Upcoming Event: Seminar
Lt Col D. Isaiah Harp,
12 – 1PM
Tuesday Oct 14, 2025
POB 6.304
In 2025, the military executes envelope expansion of its most exquisite aircraft using methods essentially unchanged since 1965. An offline model generates a prediction; a test pilot then flies the aircraft through a maneuver that replicates the parameters of the model to within narrow tolerances. Over the years the fidelity and computational cost of these offline predictions have increased, but the methods of flight test have not co-evolved.
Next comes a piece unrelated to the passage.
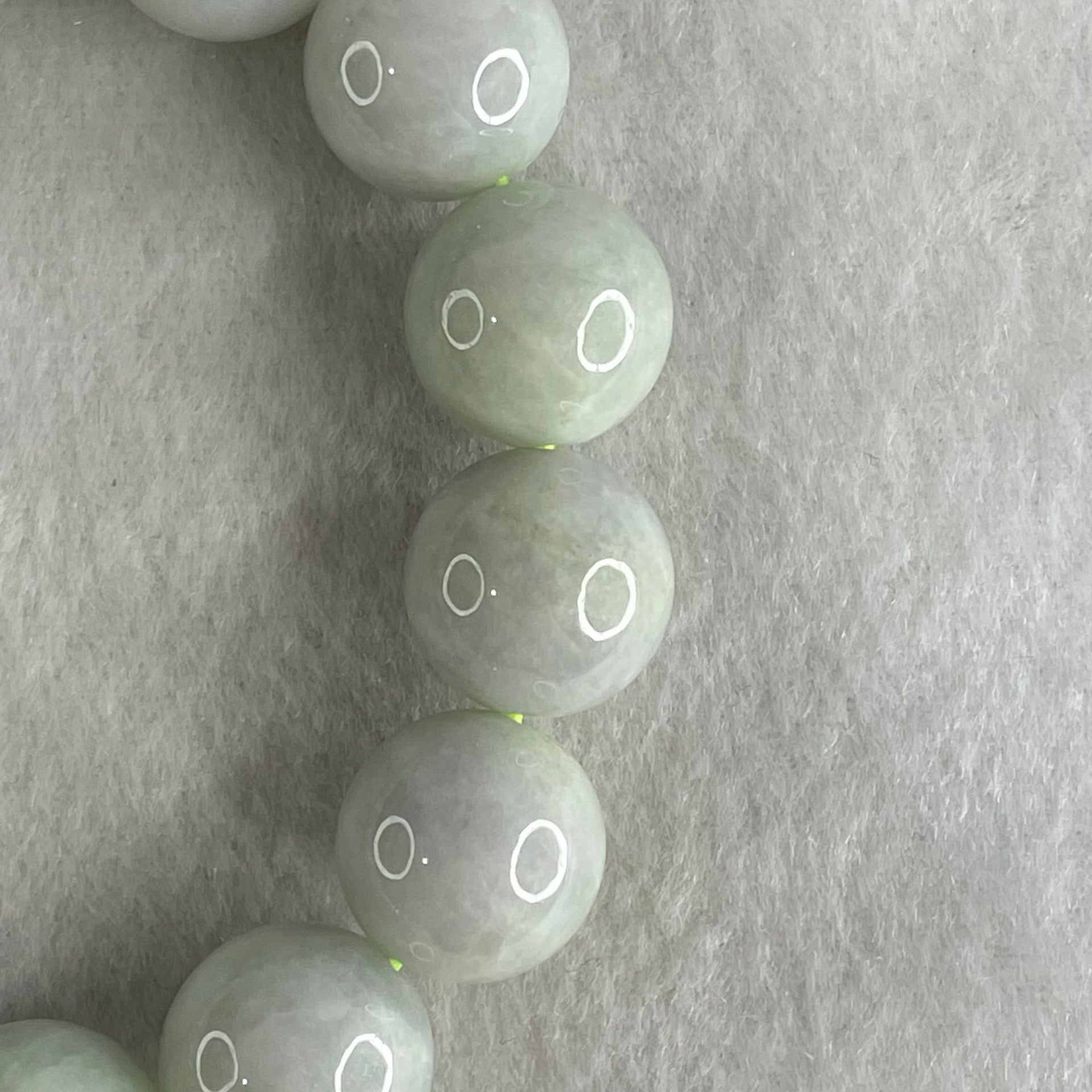 Type A Light Green Light Lavender Jadeite Beads Bracelet 79.34g 16cm 14.9mm 14 Beads (Some Internal Lines) - Huangs Jadeite and Jewelry Pte Ltd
Digital twins, which combine physics-based surrogate modeling with data ingestion and uncertainty quantification, will soon transform military flight test in three key ways. First, by generating fast, online predictions for arbitrary pilot inputs, they will eliminate tolerances – and therefore test points. Second, as they ingest flight test data they evolve into a truth source more reliable than either the physics priors or pure data alone. Finally, by quantifying uncertainty they allow test teams to reason in a principled way about safety and design of experiments.
In this talk, we will discuss ongoing efforts within the US Air Force for implementing flight test digital twins for full scale, high performance vehicles such as collaborative combat aircraft (CCA) and the F-47 next generation air dominance fighter.
Lt Col D. Isaiah “Knots” Harp is an experimental test pilot in the US Air Force and the only person qualified in both the F-22 and F-35. He has over 1,600 hours in more than 30 different aircraft, and over 1,000 hours in stealth fighters. Currently, he serves as Director of Operations at the Air Dominance Combined Test Force, where he oversees the Next Generation Air Dominance portfolio, including F-47 and collaborative combat aircraft. He is also the Principal Investigator for “The Pointless Project,” a multi-million-dollar research effort to replace traditional flight test points with digital twins created using physics-informed machine learning. Previously, Lt Col Harp was a combat fighter pilot in the F-22, an instructor of aeronautics at the Air Force Academy, a DARPA Service Chief’s Fellow, and a systems engineer at NASA’s Jet Propulsion Laboratory. He is a proud alumnus of both Stanford University and The University of Texas at Austin, where he dual-majored in Physics and Plan II.